I would say the odds are better than 90% that 2021 is the last season with Kyle Seager in a Mariners uniform, so right there a lot of this is pointless. BUT! I don’t think it’s totally inconceivable that the Mariners figure out a way to keep Seager around, if he has a productive year.
Kyle Seager is the greatest third baseman the Mariners have ever had. He’s already a lock for the team’s hall of fame whenever he retires. We drafted him in the third round in 2009, he made his Major League debut in 2011, and he’s pretty much been our everyday third baseman ever since. He’s been durable; only in 2019 did he see extended time on the Injured List, when he needed surgery on his hand. Otherwise, day-in and day-out, you could rely on Seager being a mainstay.
And, he’s been pretty consistent. While it’s certainly true that his numbers have dipped in the second half of his career – as MLB has drastically increased its usage of the defensive shift with hitters like Seager – and he really struggled in 2018, he’s bounced back nicely over the last two seasons when he’s been in there. I remember early on in his career thinking that the sky was the limit; even when he signed his big money extension, I thought there was still better things to come. It’s clear his best years were from 2014-2016 (his ceiling, where his WAR ranged from 5.4 to 6.7), and his prime years were 2012-2017 (WAR ranged from 2.8 to 6.7). After the nadir that was 2018, his injury-shortened 2019 saw a return to that prime form. I’m willing to discount the second half slide in 2020 based on the wackiness of the year, but that first half continued on the promise of his resurgence!
My point is, it’s not outside the realm of possibility. He won’t be that peak player from 2014-2016, but he could return to Prime Seager very easily.
Now, I don’t think the Mariners would be interested in paying Kyle Seager his $15+ million option for 2022 (it can move up to $20 million based on performance escalators). But, he’s only 33 this year. It certainly seems like he has another three years as a productive third baseman, if he wants to keep at it. And, he could always transition to first base or DH towards the end of that; as a left-handed hitter who’s always been good against left-handed pitching, there’s a lot of value left in his bat as an everyday hitter; he had 43 extra base hits in 106 games in 2019, and 21 in 60 games in 2020.

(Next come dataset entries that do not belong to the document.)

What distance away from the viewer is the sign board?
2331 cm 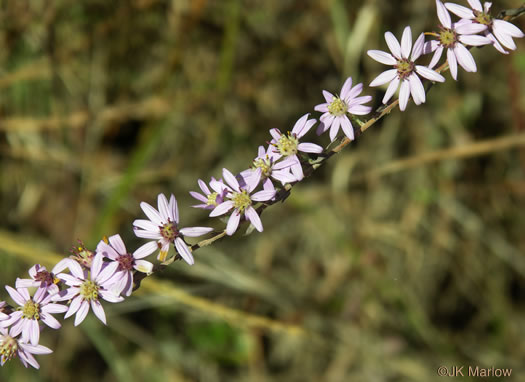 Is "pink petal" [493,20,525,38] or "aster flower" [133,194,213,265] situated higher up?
"pink petal" [493,20,525,38]

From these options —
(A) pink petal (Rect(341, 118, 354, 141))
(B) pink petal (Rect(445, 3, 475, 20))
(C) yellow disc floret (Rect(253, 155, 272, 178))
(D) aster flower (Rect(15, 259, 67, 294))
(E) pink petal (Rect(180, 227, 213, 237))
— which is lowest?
(D) aster flower (Rect(15, 259, 67, 294))

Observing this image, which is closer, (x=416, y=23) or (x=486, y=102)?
(x=416, y=23)

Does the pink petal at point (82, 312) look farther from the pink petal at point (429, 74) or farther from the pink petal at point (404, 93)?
the pink petal at point (429, 74)

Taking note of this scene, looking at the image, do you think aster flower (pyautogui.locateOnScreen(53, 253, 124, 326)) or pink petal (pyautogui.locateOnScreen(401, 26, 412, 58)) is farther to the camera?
pink petal (pyautogui.locateOnScreen(401, 26, 412, 58))

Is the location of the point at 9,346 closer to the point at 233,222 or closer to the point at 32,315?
the point at 32,315

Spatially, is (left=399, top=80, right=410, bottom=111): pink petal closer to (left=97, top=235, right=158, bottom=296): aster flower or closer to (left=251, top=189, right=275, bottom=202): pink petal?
(left=251, top=189, right=275, bottom=202): pink petal

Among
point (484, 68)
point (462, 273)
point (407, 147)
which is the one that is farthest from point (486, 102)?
point (462, 273)

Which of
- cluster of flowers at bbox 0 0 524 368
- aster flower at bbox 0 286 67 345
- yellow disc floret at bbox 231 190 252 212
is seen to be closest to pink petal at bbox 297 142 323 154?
cluster of flowers at bbox 0 0 524 368

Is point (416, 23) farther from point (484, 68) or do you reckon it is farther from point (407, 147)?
point (407, 147) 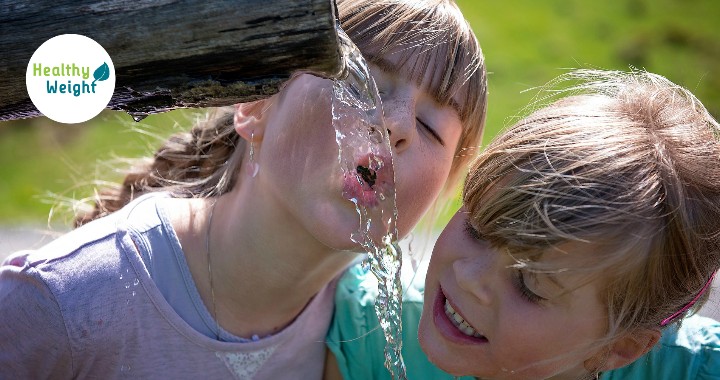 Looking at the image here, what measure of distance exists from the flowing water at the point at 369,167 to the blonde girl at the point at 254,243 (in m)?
0.04

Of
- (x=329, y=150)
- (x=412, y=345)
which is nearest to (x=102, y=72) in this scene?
(x=329, y=150)

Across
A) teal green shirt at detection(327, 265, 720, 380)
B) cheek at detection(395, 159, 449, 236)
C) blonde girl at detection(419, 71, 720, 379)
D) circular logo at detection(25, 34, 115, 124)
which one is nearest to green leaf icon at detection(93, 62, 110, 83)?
circular logo at detection(25, 34, 115, 124)

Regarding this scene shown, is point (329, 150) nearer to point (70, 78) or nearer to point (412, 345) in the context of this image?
point (70, 78)

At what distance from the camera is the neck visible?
262 centimetres

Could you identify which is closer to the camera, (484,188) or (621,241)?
(621,241)

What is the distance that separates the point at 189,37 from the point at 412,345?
1.49m

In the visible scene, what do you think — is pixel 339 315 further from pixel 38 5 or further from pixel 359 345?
pixel 38 5

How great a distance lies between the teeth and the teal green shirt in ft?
1.72

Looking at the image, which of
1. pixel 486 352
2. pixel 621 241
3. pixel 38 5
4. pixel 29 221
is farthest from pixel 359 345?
pixel 29 221

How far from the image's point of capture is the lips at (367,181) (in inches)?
93.5

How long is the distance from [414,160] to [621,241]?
613 mm

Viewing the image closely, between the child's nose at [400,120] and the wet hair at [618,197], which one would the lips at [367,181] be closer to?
the child's nose at [400,120]

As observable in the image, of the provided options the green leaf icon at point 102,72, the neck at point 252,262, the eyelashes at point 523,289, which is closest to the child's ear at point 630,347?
the eyelashes at point 523,289

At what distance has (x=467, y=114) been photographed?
265 cm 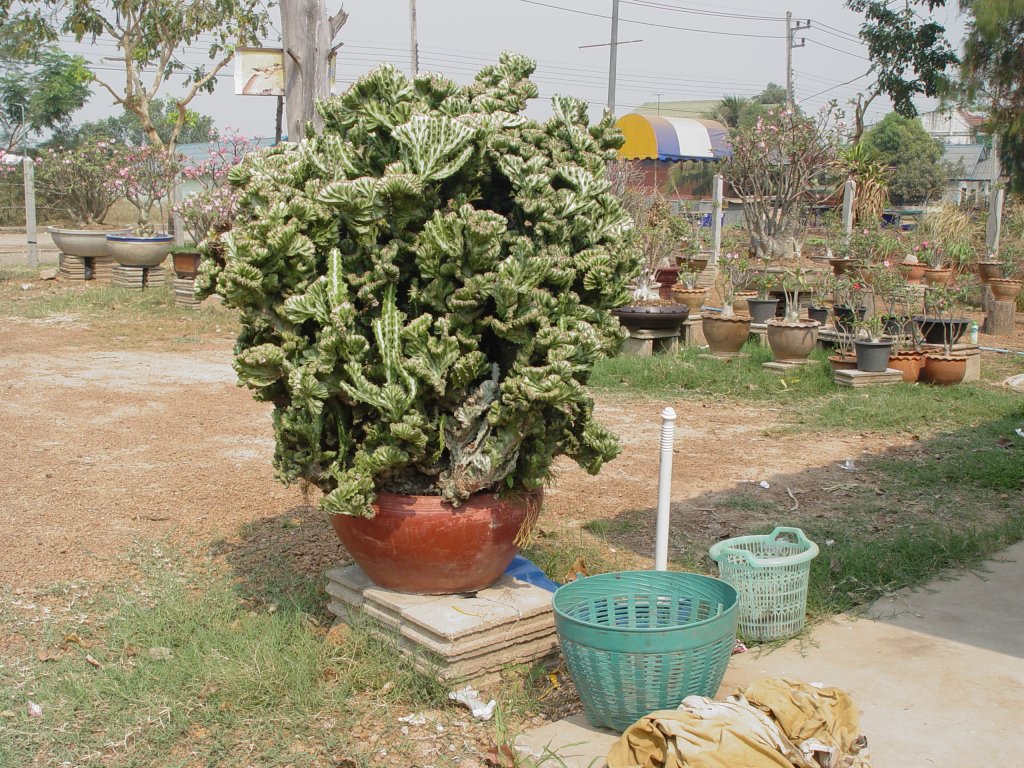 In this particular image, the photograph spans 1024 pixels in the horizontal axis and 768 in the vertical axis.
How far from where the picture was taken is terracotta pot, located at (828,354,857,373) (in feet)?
30.5

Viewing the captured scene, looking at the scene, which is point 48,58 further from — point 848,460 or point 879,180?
point 848,460

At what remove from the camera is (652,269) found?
13.2m

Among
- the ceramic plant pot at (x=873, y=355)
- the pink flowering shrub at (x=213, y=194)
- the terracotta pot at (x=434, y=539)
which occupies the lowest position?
the terracotta pot at (x=434, y=539)

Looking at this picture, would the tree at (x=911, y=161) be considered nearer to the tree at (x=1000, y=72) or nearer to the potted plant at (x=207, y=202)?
the tree at (x=1000, y=72)

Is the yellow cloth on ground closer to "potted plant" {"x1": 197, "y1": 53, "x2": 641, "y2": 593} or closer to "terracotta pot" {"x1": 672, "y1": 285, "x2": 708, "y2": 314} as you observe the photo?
"potted plant" {"x1": 197, "y1": 53, "x2": 641, "y2": 593}

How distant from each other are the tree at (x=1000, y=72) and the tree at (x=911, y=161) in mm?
27706

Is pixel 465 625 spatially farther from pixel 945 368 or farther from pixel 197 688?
pixel 945 368

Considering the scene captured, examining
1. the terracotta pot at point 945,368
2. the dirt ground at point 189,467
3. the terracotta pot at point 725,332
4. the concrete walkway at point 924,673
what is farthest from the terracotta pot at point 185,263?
the concrete walkway at point 924,673

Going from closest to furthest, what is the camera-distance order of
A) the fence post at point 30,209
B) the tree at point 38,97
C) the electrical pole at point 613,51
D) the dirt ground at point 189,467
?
1. the dirt ground at point 189,467
2. the fence post at point 30,209
3. the electrical pole at point 613,51
4. the tree at point 38,97

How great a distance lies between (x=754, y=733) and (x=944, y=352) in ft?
24.6

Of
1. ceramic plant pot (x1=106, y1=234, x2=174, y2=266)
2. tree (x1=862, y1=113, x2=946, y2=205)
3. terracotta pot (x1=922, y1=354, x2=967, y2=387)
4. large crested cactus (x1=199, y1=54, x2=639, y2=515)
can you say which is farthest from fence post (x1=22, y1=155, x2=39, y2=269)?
tree (x1=862, y1=113, x2=946, y2=205)

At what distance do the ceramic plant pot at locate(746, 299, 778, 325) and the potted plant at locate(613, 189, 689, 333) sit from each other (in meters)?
0.94

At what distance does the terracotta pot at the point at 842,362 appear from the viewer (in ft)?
30.5

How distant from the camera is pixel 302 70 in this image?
5031mm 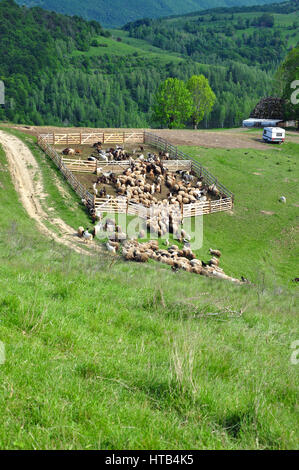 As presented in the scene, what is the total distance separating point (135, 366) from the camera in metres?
6.40

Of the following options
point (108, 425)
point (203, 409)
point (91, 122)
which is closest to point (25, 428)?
point (108, 425)

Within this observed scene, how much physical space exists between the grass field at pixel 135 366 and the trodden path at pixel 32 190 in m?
10.9

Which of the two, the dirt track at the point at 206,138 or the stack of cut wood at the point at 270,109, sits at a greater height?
the stack of cut wood at the point at 270,109

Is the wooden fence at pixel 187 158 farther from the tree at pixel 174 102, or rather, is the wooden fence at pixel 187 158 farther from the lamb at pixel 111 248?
the tree at pixel 174 102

For the Mariners to want to extend him, he’ll need to obviously be good-to-great in 2021. His WAR definitely needs to be over 3, probably approaching or even surpassing 4. I would also have to assume, in this scenario, the team won’t have a lot of confidence in Ty France taking over the everyday third baseman job next year. There already doesn’t seem to be much in the minor league pipeline, so that doesn’t figure to be an issue. At that point, it’ll boil down to whoever is out there in the free agent market. I don’t have those answers, as obviously a lot can change between now and next offseason. Assuming the Mariners don’t make a blockbuster trade, or try to land a whale in free agency, Kyle Seager figures to be near the top of the free agent third basemen available on a reasonable contract. So, why not keep him around and buy yourself some time?

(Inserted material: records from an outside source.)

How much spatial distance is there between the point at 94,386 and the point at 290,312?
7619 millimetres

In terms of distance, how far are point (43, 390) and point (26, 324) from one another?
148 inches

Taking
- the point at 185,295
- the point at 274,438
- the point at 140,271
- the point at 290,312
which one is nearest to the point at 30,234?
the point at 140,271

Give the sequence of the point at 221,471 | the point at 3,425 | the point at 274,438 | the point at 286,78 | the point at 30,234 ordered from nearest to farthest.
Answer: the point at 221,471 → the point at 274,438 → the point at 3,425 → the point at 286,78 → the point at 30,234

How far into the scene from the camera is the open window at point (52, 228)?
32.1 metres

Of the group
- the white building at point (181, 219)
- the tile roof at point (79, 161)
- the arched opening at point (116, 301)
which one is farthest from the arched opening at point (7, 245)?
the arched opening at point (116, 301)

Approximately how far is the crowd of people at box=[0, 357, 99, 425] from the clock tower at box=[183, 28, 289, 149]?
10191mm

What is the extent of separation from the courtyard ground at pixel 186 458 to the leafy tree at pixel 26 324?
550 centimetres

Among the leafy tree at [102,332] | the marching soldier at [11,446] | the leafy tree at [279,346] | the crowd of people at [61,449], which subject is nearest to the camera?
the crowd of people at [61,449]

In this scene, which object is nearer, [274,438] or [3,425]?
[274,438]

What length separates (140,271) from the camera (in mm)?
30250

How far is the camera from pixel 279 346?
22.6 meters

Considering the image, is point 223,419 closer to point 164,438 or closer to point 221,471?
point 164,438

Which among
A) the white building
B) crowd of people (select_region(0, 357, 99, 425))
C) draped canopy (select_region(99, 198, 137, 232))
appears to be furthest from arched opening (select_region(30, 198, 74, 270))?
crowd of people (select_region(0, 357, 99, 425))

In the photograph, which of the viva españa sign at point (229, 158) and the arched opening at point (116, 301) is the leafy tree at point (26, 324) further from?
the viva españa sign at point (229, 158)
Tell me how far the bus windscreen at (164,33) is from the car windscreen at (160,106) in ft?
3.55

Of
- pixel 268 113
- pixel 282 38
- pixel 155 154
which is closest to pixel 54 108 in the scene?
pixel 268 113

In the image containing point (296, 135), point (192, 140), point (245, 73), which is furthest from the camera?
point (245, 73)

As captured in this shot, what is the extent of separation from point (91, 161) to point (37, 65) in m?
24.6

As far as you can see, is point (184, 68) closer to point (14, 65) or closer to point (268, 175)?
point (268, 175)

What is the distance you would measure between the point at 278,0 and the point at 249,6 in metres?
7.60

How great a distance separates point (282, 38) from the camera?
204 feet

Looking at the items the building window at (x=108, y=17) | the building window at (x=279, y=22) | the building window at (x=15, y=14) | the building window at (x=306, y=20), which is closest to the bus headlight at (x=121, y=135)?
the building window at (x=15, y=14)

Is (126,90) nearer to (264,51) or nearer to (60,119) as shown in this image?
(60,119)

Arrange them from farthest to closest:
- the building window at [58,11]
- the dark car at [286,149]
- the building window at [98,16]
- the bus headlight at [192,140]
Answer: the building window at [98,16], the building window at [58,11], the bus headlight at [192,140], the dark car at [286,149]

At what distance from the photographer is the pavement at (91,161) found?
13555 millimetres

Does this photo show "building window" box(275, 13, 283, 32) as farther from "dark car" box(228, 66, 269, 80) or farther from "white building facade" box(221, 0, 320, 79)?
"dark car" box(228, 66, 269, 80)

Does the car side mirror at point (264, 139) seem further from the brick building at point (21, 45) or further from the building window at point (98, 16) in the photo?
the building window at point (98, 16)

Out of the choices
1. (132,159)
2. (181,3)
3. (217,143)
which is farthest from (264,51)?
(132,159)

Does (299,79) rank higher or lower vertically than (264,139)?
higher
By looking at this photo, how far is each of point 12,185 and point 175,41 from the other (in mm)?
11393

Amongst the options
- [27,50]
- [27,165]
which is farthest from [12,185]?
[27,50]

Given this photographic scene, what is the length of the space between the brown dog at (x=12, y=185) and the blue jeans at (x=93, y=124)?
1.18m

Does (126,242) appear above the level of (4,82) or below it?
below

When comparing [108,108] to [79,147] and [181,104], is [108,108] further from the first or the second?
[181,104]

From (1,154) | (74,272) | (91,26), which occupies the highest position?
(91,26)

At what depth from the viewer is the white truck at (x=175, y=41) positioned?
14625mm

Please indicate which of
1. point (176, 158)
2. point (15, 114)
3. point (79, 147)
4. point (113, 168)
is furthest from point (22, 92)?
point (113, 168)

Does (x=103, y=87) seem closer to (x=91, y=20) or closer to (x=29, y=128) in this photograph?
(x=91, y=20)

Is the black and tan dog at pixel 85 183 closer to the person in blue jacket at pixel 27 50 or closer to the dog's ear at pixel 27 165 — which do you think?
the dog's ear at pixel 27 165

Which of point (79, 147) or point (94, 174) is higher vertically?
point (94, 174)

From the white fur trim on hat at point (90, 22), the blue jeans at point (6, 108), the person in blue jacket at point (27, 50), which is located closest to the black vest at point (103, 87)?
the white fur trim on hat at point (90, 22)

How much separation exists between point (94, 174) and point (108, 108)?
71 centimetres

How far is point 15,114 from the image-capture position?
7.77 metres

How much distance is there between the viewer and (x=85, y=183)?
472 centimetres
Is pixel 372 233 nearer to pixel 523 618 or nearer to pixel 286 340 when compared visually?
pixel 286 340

Given what the market looks like, if the Mariners decide they don’t want to cheap out on the position, and they’re not confident in Ty France, they don’t have a lot of money guaranteed to players in 2022. The $15 million (or whatever it ends up being after the potential escalator) would actually be a likely reduction in salary for Seager over the $18.5 million he’s making this year. So, if he earns his money in 2021 through his performance, he could end up being a bargain for this team next season, while affording us another year to figure out what we want to do with the position in the long term. Beyond 2022 – if Seager stays – we could go year-to-year, if the Mariners are good and he’s still a valuable piece to our winning ways.

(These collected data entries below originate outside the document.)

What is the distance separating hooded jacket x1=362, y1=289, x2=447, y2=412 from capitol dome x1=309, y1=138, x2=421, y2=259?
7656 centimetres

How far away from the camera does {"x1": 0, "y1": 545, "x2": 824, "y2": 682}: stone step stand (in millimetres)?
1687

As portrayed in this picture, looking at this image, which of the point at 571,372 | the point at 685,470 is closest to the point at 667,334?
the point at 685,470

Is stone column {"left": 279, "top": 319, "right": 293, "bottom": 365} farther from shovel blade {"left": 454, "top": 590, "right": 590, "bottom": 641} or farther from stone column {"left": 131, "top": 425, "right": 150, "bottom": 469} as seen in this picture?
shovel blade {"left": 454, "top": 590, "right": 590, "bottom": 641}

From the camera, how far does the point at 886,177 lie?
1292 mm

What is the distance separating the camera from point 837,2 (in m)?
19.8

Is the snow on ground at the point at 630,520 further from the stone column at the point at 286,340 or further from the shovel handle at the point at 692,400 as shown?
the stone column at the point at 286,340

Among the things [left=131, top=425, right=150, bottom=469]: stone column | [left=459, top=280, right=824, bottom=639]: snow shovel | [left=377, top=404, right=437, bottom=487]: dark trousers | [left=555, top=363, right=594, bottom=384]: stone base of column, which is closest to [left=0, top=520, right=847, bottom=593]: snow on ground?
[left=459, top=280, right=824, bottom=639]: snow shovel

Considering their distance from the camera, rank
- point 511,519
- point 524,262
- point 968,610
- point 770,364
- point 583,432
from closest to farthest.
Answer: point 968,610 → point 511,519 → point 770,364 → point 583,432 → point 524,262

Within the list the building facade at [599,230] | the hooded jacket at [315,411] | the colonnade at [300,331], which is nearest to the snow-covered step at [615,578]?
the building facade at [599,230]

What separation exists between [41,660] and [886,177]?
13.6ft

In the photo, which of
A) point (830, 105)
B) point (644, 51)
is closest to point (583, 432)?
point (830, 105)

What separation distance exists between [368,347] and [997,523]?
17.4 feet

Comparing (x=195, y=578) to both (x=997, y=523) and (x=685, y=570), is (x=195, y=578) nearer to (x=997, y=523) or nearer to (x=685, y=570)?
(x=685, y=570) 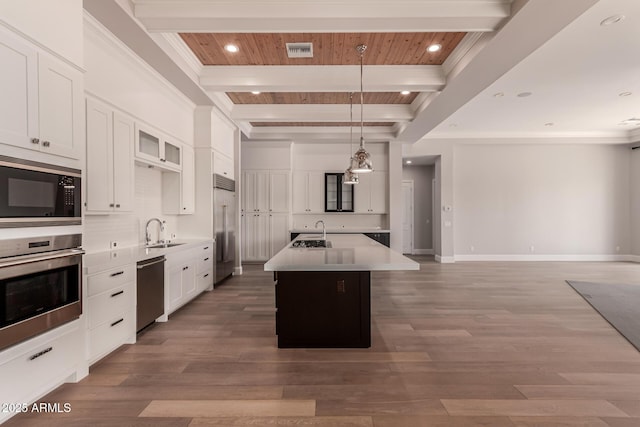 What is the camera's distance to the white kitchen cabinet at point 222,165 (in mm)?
5270

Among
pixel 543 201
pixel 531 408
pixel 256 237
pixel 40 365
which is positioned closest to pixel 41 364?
pixel 40 365

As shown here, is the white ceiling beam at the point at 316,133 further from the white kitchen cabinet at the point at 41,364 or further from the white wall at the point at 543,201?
the white kitchen cabinet at the point at 41,364

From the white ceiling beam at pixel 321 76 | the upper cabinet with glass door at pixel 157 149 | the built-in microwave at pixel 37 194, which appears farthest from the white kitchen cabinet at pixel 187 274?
the white ceiling beam at pixel 321 76

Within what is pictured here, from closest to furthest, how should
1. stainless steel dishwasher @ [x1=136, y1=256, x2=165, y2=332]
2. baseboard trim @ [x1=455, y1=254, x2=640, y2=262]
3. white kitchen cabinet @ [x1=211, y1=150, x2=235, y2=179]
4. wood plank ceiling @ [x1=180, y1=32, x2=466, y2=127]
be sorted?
stainless steel dishwasher @ [x1=136, y1=256, x2=165, y2=332] → wood plank ceiling @ [x1=180, y1=32, x2=466, y2=127] → white kitchen cabinet @ [x1=211, y1=150, x2=235, y2=179] → baseboard trim @ [x1=455, y1=254, x2=640, y2=262]

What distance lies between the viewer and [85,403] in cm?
212

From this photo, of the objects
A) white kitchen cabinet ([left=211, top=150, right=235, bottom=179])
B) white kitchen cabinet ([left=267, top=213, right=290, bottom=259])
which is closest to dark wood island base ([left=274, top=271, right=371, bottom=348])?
white kitchen cabinet ([left=211, top=150, right=235, bottom=179])

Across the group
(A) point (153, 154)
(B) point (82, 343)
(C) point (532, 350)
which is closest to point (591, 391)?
(C) point (532, 350)

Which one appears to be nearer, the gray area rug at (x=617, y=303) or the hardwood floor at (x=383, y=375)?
the hardwood floor at (x=383, y=375)

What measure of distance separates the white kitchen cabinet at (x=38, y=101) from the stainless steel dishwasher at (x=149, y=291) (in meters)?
1.34

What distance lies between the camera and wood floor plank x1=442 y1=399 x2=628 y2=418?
6.60ft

The bottom line, though, is we kind of know what we’re going to get from Seager. Solid defense, solid power from his bat, sub-optimal batting average in the .230’s or .240’s, and one of the few leaders on this team from a veteran standpoint. Any dip in that production will totally seal his fate, and even a continuation of what he’s been lately will also most likely result in this being his final year here. But, you know based on who he is – to say nothing of the fact that his next contract could be his last one – that he’s going to give it everything he has. You won’t find many players more motivated to be great and help their team win than Kyle Seager. So, it doesn’t feel like a stretch for this season to go reasonably well for him. He’s still going to be plopped right in the middle of the lineup as the cleanup hitter, he’s still going to be in there almost every single game; he’s Kyle Seager: our rock.
It’s not a super-exciting story, but much like our catcher position, it’s nice to not have to worry about third base for at least a year.